=== Exercise materials ===
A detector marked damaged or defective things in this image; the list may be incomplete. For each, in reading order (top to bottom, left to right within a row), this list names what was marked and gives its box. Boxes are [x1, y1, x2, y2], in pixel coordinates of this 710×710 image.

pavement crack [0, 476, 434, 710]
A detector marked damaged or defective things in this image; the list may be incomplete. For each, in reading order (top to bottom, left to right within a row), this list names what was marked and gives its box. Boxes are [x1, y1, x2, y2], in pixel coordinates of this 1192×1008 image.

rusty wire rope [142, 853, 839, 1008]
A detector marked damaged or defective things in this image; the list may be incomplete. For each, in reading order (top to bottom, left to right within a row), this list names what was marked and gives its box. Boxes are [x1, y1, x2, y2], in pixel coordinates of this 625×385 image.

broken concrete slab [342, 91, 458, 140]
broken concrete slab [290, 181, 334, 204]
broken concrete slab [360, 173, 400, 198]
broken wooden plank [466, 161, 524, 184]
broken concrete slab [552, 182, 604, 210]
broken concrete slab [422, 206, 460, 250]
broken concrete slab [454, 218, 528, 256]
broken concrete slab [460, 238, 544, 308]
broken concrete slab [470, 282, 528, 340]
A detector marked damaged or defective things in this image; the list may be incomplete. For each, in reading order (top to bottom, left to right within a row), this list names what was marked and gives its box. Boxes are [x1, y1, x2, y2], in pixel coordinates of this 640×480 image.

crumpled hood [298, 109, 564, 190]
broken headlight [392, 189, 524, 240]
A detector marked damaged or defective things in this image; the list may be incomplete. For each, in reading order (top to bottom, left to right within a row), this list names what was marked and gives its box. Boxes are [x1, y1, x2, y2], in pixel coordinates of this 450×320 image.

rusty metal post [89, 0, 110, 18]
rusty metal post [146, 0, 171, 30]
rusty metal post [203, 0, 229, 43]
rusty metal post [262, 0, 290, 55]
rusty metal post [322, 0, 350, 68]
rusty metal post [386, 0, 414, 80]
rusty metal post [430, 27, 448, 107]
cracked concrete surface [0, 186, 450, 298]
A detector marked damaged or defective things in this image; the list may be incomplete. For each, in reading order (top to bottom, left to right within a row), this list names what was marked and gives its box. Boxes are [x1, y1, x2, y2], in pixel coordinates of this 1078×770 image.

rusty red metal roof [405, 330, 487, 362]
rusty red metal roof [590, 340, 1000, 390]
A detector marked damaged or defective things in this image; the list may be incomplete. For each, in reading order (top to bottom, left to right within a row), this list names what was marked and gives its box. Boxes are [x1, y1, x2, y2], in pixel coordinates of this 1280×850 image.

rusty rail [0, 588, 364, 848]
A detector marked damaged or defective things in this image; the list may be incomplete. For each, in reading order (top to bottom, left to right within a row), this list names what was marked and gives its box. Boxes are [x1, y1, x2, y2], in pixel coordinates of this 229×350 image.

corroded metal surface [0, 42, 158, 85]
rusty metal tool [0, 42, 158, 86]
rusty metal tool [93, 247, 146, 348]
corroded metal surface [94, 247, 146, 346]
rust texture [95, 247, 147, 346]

=== Activity ===
Write out the entries above once more, without altering anything.

=== Answer section ===
A detector marked damaged or defective things in this image; the list may be incomplete. For each, in reading order (top to bottom, left to right within a row), this list names what was marked and gives its box. Boxes are [x1, y1, x2, y2], in pixel coordinates of this 710×710 image.

pavement crack [0, 476, 434, 710]
A detector marked damaged or defective things in this image; the list may be incomplete. For each, in reading order (top to bottom, left to right within a row), this list names what was marked and gives its box. Boxes are [x1, y1, x2, y2], in pixel coordinates of this 1192×1008 image.

rusty wire rope [142, 853, 839, 1008]
A detector marked damaged or defective things in this image; the list may be incomplete. For each, in reading order (top to bottom, left to right within a row), this list names what was marked and gives its box. Boxes are [x1, y1, x2, y2], in pixel coordinates of this 625×385 image.

broken concrete slab [342, 91, 458, 140]
broken concrete slab [290, 181, 334, 204]
broken concrete slab [360, 173, 400, 198]
broken wooden plank [466, 161, 524, 184]
broken concrete slab [552, 182, 604, 210]
broken concrete slab [422, 206, 460, 250]
broken concrete slab [454, 218, 528, 256]
broken concrete slab [460, 238, 544, 308]
broken concrete slab [470, 282, 528, 340]
A detector marked damaged or defective things in this image; the list may be incomplete. For each, in reading order (top to bottom, left to right within a row), this list names what was marked and gives its box. Boxes are [x1, y1, x2, y2], in pixel coordinates of this 640×480 image.

crumpled hood [298, 109, 564, 190]
broken headlight [392, 189, 524, 240]
A detector marked damaged or defective things in this image; the list may be incomplete. For each, in reading order (top to bottom, left to right within a row), this list names what was marked and gives its box. Boxes are [x1, y1, x2, y2], in pixel coordinates of this 450×320 image.

rusty metal post [89, 0, 110, 18]
rusty metal post [146, 0, 171, 30]
rusty metal post [203, 0, 229, 43]
rusty metal post [262, 0, 290, 55]
rusty metal post [322, 0, 350, 68]
rusty metal post [386, 0, 414, 80]
rusty metal post [430, 27, 448, 107]
cracked concrete surface [0, 186, 450, 298]
A detector marked damaged or defective things in this image; the list may be incomplete. For each, in reading order (top to bottom, left to right within a row), this list names what was marked and gives its box. Boxes are [x1, y1, x2, y2], in pixel coordinates of this 1078×770 image.

rusty red metal roof [405, 330, 487, 362]
rusty red metal roof [590, 340, 1000, 390]
A detector marked damaged or defective things in this image; the list may be incomplete. For each, in reading order (top to bottom, left to right within a row), this list names what was marked and gives its box. Boxes are [x1, y1, x2, y2], in pixel coordinates of this 1280×850 image.

rusty rail [0, 588, 364, 848]
A detector marked damaged or defective things in this image; the list may be incomplete. For each, in reading order (top to bottom, left to right within a row), this list names what was marked and gives its box. Boxes are [x1, y1, x2, y2], in pixel coordinates of this 229×350 image.

corroded metal surface [0, 42, 158, 85]
rusty metal tool [0, 42, 158, 86]
rusty metal tool [93, 247, 146, 348]
corroded metal surface [94, 247, 146, 346]
rust texture [95, 247, 147, 346]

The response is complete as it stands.